Required work »
If a line comes after the one containing "Za jednu deceniju", leave it out; copy every line before it, and that line too, exactly as written, starting from the first line of the entries.

Extracted material »
--- START ---

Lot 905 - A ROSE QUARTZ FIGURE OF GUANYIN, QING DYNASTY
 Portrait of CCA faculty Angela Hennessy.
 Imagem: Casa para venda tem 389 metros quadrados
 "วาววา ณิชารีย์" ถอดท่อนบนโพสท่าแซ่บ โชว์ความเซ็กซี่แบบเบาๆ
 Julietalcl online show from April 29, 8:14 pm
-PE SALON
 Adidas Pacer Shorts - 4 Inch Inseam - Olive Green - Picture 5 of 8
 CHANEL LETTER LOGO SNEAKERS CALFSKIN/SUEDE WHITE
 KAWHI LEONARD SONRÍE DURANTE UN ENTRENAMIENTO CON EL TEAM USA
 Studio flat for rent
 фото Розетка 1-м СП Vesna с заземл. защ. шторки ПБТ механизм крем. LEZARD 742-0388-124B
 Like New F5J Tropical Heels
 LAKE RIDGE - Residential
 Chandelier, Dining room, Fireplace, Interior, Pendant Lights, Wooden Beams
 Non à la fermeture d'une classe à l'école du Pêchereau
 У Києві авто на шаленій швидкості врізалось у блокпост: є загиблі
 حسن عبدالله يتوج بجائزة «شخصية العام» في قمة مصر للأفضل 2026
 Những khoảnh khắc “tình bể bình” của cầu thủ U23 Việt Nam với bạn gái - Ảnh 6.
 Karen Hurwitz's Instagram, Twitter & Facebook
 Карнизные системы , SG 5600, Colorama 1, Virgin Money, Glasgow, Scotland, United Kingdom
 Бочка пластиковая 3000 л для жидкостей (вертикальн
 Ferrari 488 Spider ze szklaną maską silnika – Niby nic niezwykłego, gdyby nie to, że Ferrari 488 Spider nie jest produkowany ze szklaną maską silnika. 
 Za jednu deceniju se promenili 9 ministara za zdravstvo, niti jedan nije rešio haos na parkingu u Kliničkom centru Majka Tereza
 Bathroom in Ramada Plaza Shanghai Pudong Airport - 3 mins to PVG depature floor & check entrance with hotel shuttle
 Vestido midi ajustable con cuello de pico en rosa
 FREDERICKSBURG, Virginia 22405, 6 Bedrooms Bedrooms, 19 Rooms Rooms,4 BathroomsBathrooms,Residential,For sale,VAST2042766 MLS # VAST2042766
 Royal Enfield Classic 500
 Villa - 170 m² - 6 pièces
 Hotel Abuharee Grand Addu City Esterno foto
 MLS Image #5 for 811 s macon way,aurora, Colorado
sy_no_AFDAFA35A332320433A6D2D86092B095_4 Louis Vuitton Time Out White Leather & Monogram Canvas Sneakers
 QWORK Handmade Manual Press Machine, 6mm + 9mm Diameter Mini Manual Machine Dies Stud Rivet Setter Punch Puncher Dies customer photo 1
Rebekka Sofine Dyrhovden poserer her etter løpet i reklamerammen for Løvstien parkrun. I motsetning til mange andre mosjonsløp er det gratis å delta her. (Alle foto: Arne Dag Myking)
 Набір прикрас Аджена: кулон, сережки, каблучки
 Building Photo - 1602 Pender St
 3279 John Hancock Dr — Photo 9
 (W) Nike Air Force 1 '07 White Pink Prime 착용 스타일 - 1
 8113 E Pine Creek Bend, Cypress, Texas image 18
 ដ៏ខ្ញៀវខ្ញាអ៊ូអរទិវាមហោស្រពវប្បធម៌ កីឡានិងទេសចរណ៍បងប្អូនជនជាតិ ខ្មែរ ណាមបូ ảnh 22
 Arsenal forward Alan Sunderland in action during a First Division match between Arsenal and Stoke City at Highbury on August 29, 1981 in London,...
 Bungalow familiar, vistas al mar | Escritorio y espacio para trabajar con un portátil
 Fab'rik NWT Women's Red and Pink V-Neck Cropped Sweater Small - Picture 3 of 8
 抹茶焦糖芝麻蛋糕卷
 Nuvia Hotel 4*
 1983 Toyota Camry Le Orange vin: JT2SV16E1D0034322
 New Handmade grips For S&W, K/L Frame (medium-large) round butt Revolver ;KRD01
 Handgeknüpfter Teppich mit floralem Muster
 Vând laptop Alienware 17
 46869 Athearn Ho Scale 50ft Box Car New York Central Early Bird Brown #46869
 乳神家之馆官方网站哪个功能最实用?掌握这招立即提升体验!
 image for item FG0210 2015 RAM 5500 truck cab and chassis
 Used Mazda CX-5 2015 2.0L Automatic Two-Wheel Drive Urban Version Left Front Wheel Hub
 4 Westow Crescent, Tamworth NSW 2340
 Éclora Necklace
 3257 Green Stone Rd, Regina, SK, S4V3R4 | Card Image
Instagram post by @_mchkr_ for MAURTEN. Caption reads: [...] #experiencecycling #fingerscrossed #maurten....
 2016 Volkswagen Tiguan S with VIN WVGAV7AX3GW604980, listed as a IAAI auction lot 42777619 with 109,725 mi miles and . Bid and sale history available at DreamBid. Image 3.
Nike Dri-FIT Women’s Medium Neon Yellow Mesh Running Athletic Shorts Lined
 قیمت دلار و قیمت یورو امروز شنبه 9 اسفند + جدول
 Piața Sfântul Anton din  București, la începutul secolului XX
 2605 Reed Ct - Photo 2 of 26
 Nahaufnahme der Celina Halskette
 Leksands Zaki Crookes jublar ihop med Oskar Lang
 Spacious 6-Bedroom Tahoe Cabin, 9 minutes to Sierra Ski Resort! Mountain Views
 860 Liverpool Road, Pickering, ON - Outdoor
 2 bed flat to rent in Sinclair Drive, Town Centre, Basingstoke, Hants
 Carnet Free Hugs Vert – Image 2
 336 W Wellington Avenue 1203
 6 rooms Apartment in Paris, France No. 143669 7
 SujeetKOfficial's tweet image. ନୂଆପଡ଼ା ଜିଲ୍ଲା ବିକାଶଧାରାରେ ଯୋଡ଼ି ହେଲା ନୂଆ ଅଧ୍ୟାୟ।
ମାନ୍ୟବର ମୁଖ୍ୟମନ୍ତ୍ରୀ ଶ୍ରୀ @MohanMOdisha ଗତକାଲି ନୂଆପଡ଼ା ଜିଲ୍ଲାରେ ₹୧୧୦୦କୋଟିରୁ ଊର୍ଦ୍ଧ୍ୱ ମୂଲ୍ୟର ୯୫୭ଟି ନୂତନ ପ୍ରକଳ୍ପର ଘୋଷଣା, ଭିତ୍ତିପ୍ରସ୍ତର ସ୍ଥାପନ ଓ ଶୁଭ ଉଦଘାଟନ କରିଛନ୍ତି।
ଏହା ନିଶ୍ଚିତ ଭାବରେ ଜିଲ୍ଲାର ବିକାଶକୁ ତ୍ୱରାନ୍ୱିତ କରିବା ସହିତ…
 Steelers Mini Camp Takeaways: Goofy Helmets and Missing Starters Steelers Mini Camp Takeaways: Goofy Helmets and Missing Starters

--- END ---

Reply to the exercise »
Lot 905 - A ROSE QUARTZ FIGURE OF GUANYIN, QING DYNASTY
 Portrait of CCA faculty Angela Hennessy.
 Imagem: Casa para venda tem 389 metros quadrados
 "วาววา ณิชารีย์" ถอดท่อนบนโพสท่าแซ่บ โชว์ความเซ็กซี่แบบเบาๆ
 Julietalcl online show from April 29, 8:14 pm
-PE SALON
 Adidas Pacer Shorts - 4 Inch Inseam - Olive Green - Picture 5 of 8
 CHANEL LETTER LOGO SNEAKERS CALFSKIN/SUEDE WHITE
 KAWHI LEONARD SONRÍE DURANTE UN ENTRENAMIENTO CON EL TEAM USA
 Studio flat for rent
 фото Розетка 1-м СП Vesna с заземл. защ. шторки ПБТ механизм крем. LEZARD 742-0388-124B
 Like New F5J Tropical Heels
 LAKE RIDGE - Residential
 Chandelier, Dining room, Fireplace, Interior, Pendant Lights, Wooden Beams
 Non à la fermeture d'une classe à l'école du Pêchereau
 У Києві авто на шаленій швидкості врізалось у блокпост: є загиблі
 حسن عبدالله يتوج بجائزة «شخصية العام» في قمة مصر للأفضل 2026
 Những khoảnh khắc “tình bể bình” của cầu thủ U23 Việt Nam với bạn gái - Ảnh 6.
 Karen Hurwitz's Instagram, Twitter & Facebook
 Карнизные системы , SG 5600, Colorama 1, Virgin Money, Glasgow, Scotland, United Kingdom
 Бочка пластиковая 3000 л для жидкостей (вертикальн
 Ferrari 488 Spider ze szklaną maską silnika – Niby nic niezwykłego, gdyby nie to, że Ferrari 488 Spider nie jest produkowany ze szklaną maską silnika. 
 Za jednu deceniju se promenili 9 ministara za zdravstvo, niti jedan nije rešio haos na parkingu u Kliničkom centru Majka Tereza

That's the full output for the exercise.